THE TASK: Lines from the one containing "Vaguelly 12St Cosplay-Party-Maske" through the final line of the records are the only ones to copy, and each must match exactly.

AVAILABLE RECORDS:
——————————

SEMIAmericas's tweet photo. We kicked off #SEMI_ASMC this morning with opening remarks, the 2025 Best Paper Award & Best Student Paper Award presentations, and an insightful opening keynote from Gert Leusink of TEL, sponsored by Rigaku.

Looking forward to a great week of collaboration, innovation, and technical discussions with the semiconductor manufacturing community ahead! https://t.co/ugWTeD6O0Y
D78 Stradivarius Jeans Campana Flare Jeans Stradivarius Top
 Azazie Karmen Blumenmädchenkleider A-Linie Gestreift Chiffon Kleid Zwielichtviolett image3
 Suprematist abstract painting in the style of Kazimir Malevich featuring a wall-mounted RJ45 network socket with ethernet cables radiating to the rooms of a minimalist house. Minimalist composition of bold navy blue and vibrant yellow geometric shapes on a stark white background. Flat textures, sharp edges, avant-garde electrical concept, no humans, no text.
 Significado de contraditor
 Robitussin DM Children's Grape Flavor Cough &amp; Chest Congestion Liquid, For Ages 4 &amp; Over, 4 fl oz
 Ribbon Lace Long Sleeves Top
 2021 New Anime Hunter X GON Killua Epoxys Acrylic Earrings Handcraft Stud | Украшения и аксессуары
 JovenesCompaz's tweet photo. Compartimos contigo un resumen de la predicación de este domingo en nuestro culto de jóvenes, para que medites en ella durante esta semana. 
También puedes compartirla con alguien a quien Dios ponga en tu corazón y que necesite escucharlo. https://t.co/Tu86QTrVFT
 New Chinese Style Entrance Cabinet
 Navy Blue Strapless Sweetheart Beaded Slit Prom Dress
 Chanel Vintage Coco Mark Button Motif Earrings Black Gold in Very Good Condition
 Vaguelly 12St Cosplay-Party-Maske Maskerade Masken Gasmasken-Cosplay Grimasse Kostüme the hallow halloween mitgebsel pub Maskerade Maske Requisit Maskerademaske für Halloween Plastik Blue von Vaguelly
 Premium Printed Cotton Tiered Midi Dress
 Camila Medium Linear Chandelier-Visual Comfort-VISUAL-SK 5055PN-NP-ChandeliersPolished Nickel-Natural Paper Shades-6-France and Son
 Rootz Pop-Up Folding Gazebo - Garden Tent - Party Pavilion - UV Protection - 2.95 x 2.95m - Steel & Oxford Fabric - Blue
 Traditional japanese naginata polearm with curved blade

——————————

ANSWER BELOW:
 Vaguelly 12St Cosplay-Party-Maske Maskerade Masken Gasmasken-Cosplay Grimasse Kostüme the hallow halloween mitgebsel pub Maskerade Maske Requisit Maskerademaske für Halloween Plastik Blue von Vaguelly
 Premium Printed Cotton Tiered Midi Dress
 Camila Medium Linear Chandelier-Visual Comfort-VISUAL-SK 5055PN-NP-ChandeliersPolished Nickel-Natural Paper Shades-6-France and Son
 Rootz Pop-Up Folding Gazebo - Garden Tent - Party Pavilion - UV Protection - 2.95 x 2.95m - Steel & Oxford Fabric - Blue
 Traditional japanese naginata polearm with curved blade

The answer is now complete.